Rethinking Client "Graduation"
An oft-discussed challenge for microfinance institutions, or MFIs, is that their best, most reliable clients will become so successful that they leave the original MFI to seek larger loans with commercial competitors—in a word, "graduating."
But a study conducted by Microfinance Opportunities, or MFO, found that clients of an MFI in Peru often retained the smaller loans, even as they sought bigger loans with competitors, compelled mostly by social capital and habit.
Understanding these retention factors will help MFIs reinforce them, which may inspire even more of the "good payers" to stick with their original MFI, even as they diversify their loan sources.
MFO's study, launched in November 2008, examined the use of the Premium loan, an innovative credit product offered by Pro Mujer Peru, or PMP. The Peru branch of an international, nongovernmental microfinance organization, PMP provides financial services as well as a health care net- work and education programs to low-income women entrepreneurs.
Like PMP's Regular loan product, the Premium is a group loan, but it is the organization's largest loan ever offered, with a longer term, less frequent payments, and lower interest rate. The loan is targeted at (and limited to) PMP's longer-term, more successful microentrepreneur borrowers—a bigger loan to meet the needs of bigger borrowers.
A Move to Retain the "Good Clients"
PMP's Premium loan is part of a trend among MFIs to offer new loan products for clients whose growing business needs can no longer be satisfied by the terms of conventional group loan products (cf. Nelson, et al., 1996). Underlying this trend is the potentiality that significant numbers of clients will leave their original MFIs behind to seek larger loans with commercial competitors—in a word, "graduate" to another institution. The Premium is designed to raise the credit ceiling at the original MFI and retain some portion of these "good clients," who tend to be more profitable to serve and thus beneficial to the MFI's portfolio.
A Closer Look at Use Patterns
Overwhelmingly, our investigation found that the Premium loan was just one part of the broad credit and cash-management strategies for these borrowers. On average, Premium clients had taken out five or six separate loans over the past year from a variety of sources. In other words, many clients continued to take PMP's other (smaller) loans in addition to the Premium, even though the Premium was ostensibly meant to replace those. They also took out a multitude of overlapping loans from other MFIs, banks, and non-bank commercial lenders. In total, two-thirds had taken a loan from a PMP competitor in the past year.

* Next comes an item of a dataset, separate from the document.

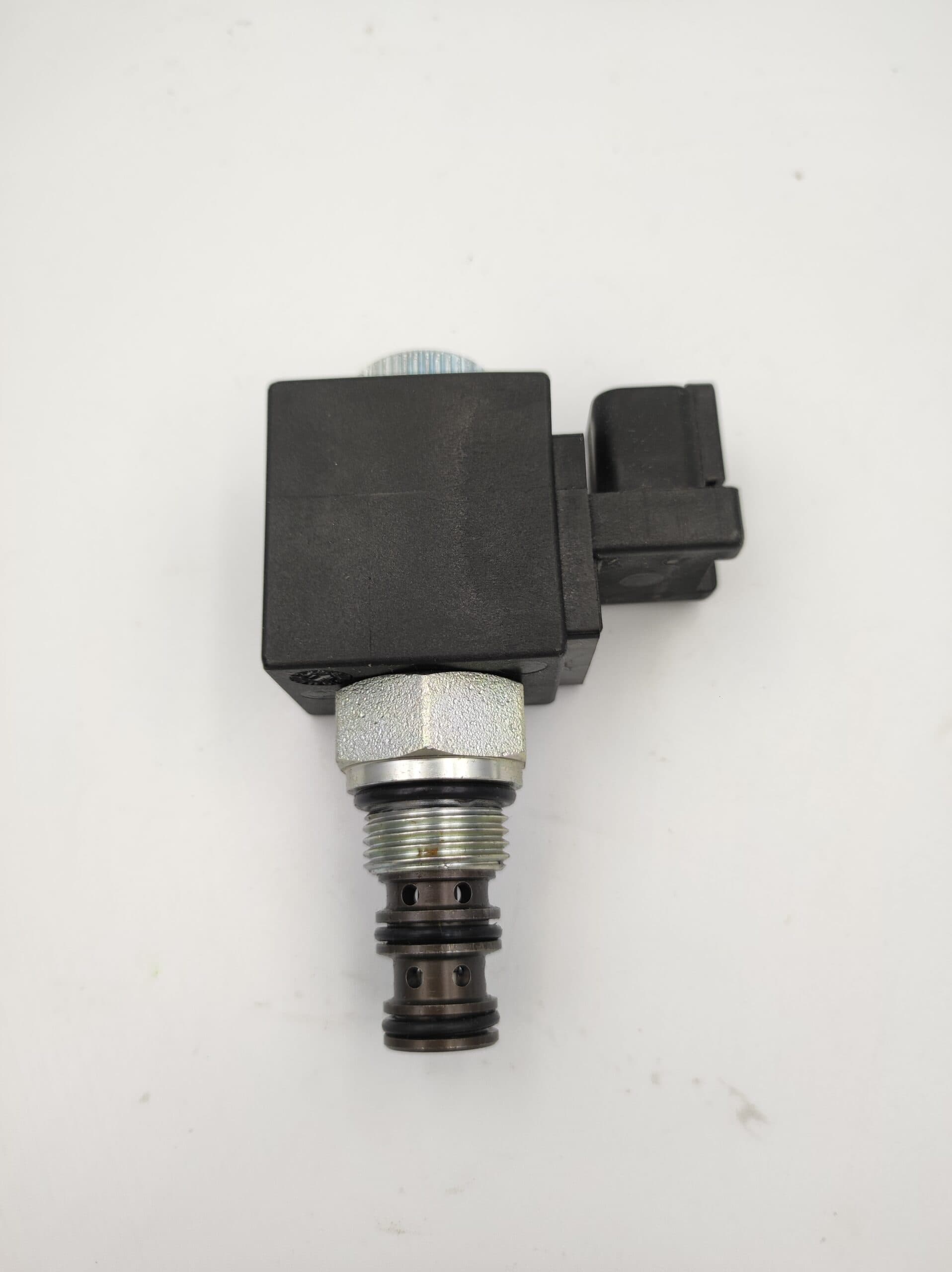 Elektrozawór jazdy do przodu w koparko-ładowarce Terex 860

Some key figures tell the story: Premium loans used by clients in the past year comprised, on average, less than one-third of their total credit port- folio. Nearly 40 percent of the credit overall came from sources other than PMP. Perhaps most striking of all, a significant subpopulation had loans with commercial competitors that dwarfed all of their PMP loans in scale, up to 10 times larger—yet they retained the smaller PMP loans.
The most common stated reason for sticking with PMP? The social capital of clients' loan groups (cf. Mosley and Verschoor, 2005; Woolcock, 1998), which they missed with larger loans, as these tended to be individual loans. Clients generally explained social capital in terms of friendships and mutual support, personal and professional, developed within their loan groups. It should be noted that PMP was one of the first microfinance institutions to set up shop in southern Peru and has built a solid reputation for serving low-income clients with both credit and education programs. For clients, this has meant an abundance of time and a venerated space for the social capital relationships to grow and flourish. Clients second most common stated reason for sticking with PMP: habit. They had been with PMP for many years and had no intention of stopping now. Again, we note that PMP is one of the oldest players on southern Peru's microfinance landscape, and habits become more ingrained over time.
Many MFIs have assumed that clients with large capital needs and access to much larger loans with competitors will pursue those larger loans while dropping the smaller ones at the original institution. This loan was PMP's attempt to counter that perceived trend by segment- ing their market and holding on to these successful and experienced clients.
Our study complicates "graduation" and countermeasures like the Premium loan because many of the best clients in fact "graduated" in the conventional sense (i.e. became eligible for larger loans with competitors, and successfully pursued them), but they retained the smaller loans with PMP and other lenders. For this group, it was not a question of small group loan or larger individual loan. Many wanted a mix— group loans and individual loans—and they achieved this mix, reaping the perceived value of each.
Ultimately, these findings suggest that a growing loan to meet the growing needs of prosperous clients may be missing the point. The drivers of client decision-making may be intangible factors, like social capital. MFIs that understand and recognize these subtleties may be best positioned to retain the "good clients."
Finally, the study raises other issues that might be taken up in future studies, such as whether poorer, unbanked clients are denied access to PMP's credit when better-off clients continue to snap up the Regular loans along with their Premium loans.